Amid all the craziness, I made time to pray. I still wasn’t sure what I was doing, but it felt good to take my worries to someone else.

A week after the doors opened we broke even, an incredible accomplishment. That evening I thanked God for his blessings. “I know I don’t deserve it,” I said. “I know I have a long way to go. But I just wanted to say thanks for helping me, for showing me I’m not alone.” Then I spent some time, like I did each night now, just listening, the most amazing experience of all. How had I ever expected to hear God when I never stopped to listen?

The next morning over breakfast with Kathryn and the kids—my most important appointment of the day—I said, “You know what we should do this afternoon? Let’s go to the beach, all four of us.”

“But what about the restaurant?” Kathryn said.

For a moment I felt a twinge of doubt. Our bank account was dwindling. All it would take was a couple of bad nights to put us under. And there was so much work to do. I had to take care of those vendor negotiations…

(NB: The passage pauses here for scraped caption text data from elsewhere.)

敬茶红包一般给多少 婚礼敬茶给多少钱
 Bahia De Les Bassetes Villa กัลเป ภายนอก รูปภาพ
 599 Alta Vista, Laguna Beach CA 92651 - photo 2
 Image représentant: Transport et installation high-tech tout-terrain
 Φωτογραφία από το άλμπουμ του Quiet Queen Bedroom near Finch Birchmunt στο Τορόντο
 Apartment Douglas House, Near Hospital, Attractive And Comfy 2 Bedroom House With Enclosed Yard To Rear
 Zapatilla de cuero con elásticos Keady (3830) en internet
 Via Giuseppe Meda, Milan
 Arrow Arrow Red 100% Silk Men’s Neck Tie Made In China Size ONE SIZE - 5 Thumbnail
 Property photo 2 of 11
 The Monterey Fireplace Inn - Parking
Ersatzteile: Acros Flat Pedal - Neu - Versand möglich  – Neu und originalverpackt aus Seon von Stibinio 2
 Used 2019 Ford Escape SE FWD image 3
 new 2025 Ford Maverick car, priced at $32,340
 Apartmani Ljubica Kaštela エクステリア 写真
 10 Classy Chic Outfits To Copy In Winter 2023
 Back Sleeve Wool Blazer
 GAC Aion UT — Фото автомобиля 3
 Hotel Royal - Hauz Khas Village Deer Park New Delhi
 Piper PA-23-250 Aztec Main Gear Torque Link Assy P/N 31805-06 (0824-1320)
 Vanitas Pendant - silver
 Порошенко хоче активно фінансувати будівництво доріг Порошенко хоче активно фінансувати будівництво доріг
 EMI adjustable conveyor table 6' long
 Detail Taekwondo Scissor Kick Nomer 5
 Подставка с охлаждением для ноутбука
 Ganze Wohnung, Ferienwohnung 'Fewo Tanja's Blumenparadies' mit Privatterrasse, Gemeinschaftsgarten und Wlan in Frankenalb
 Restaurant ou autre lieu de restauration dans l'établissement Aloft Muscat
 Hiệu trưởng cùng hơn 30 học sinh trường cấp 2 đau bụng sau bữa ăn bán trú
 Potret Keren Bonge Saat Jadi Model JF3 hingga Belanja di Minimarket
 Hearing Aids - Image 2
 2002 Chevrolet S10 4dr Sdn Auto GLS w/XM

“It’ll survive for a few hours without us,” I heard myself say. “C’mon. Don’t we have some old sand pails lying around somewhere?”

“Jon, I don’t know who you are anymore,” Kathryn said. But this time she was smiling. And for the first time in a long time I could recognize myself.

Soon I was able to get a consulting job that carried us until the fifth month. We were literally down to a few cents in our bank account, all lines of credit maxed out, when it happened—our restaurant turned a profit.

Trust had paid off, just as Kathryn said it would. Eventually we sold the restaurant and I embarked on my current career—as an author, speaker and consultant. I work with schools, corporations and NFL coaches to develop positive, engaged people and teams.

There are a lot of people out there like me, motivated by fear rather than trust. By using the example of my life, I show them how the former can be overcome by the latter.

And that most of all, you never have to face your problems alone.